When the attacks on Sept. 11 occurred, the administration didn't think it needed to muster the "evidence" it had about Osama bin Laden for the American public or the rest of the world. Let me be clear: It wasn't as if there wasn't evidence. Any sane person in the public now knows that al-Qaida was responsible and that it seeks to do us great harm. The problem is that the Bush team feels that it doesn't need to convince anyone of what it is doing. Its attitude is that there is such a grave threat to America, and that the threat is so different than any we've face in the past, that they, the custodians of our national security, not only are doing what is right, that only they know the truth, and moreover, that they have no obligation to convince the American public, that no one has a right to question them.

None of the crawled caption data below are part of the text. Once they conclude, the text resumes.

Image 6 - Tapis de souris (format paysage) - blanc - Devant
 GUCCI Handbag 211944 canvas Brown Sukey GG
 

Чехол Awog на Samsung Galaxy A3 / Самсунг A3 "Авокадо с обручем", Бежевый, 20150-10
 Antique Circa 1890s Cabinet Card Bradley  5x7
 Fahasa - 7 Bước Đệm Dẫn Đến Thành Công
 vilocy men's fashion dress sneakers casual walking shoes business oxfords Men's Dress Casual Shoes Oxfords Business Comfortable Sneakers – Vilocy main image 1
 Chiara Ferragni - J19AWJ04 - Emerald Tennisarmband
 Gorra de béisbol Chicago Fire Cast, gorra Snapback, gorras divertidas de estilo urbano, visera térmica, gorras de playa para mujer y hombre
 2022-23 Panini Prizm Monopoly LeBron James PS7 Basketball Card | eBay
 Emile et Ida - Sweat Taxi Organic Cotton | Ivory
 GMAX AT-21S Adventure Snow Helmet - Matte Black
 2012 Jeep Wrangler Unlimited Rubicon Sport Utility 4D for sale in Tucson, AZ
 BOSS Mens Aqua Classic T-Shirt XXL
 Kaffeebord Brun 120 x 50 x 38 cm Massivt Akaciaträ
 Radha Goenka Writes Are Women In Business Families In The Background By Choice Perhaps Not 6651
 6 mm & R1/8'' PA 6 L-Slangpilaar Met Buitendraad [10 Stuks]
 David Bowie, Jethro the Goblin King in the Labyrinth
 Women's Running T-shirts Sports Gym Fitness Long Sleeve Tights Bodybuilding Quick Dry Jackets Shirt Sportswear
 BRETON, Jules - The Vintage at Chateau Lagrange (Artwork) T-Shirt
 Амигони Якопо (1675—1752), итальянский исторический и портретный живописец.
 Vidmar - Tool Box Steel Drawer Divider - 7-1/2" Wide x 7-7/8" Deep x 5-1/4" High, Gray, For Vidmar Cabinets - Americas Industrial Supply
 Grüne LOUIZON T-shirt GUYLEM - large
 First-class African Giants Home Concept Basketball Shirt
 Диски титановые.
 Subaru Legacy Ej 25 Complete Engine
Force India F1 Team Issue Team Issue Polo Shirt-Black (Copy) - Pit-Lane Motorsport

The Bush team's attitude is the same now when it comes to Iraq: The American public is supposed to consent to the use of force but the administration doesn't think it needs to "convince" the public of its certainty about the need for, or the method of, going to war. They seem to think it is enough to just repeat that Saddam Hussein is evil, that he is pursuing weapons of mass destruction, that he supports international terrorism, and therefore he has to go. I suspect that the administration has plenty of "evidence" about the Iraqi regime's pursuit of weapons of mass destruction. I suspect if the administration made its case that the American public and the Congress and even most of the world would consent and support military action. I think what we are talking about here the attitude, an atmosphere in which the Bush inner circle believes that it knows what is best, and that it won't be forced into having to deign to make its case, particularly not if pushed by foreigners or the United Nations or the Congress or the evil institution of the liberal media.

Again, let me make my position clear: I believe that Iraq is a danger to its people, to the region, and to the United States. There is probably even tippy-top secret intelligence to connect Iraq to al-Qaida, maybe not specifically with regard to Sept. 11, but certainly over the years. No doubt there are al-Qaida operatives in Iraq today. On the one hand, it would be such a home run to just lay out the case: so why not reveal it? The answer I think is not that the Bush administration fears heading down a slippery slope of answering too many questions or feels like it needs to protect intelligence sources and methods; it is more again the mindset of the administration that it just doesn't have to, and won't, justify its actions.

So let me get this straight. The Bush team failed to predict the events of Sept. 11. Score one for bin Laden. They weren't competent enough to detect or stop what happened that day. Score two and three. The end result of Osama bin Laden's war is that our economy is in the toilet, that the airline industry is dying -- a pretty good achievement if you head a terrorist cell that wants to put the hurt to America. Score four. We've been at war for almost a year in Afghanistan and around the globe and the Bush administration didn't choose a smart enough strategy to stop bin Laden and the Taliban leadership from either escaping, or at least they can't prove that these dangerous people were killed. Score five and six. It seems today that as many if not more people hate us in those hopeless sectors of the Islamic world where the terrorists originate. Score seven for bin Laden.

The bad guys have arguably done fairly well under this administration, and there are a lot of questions about strategy and ultimate outcomes in Iraq, and we are supposed to accept blindly that the administration knows what it is doing?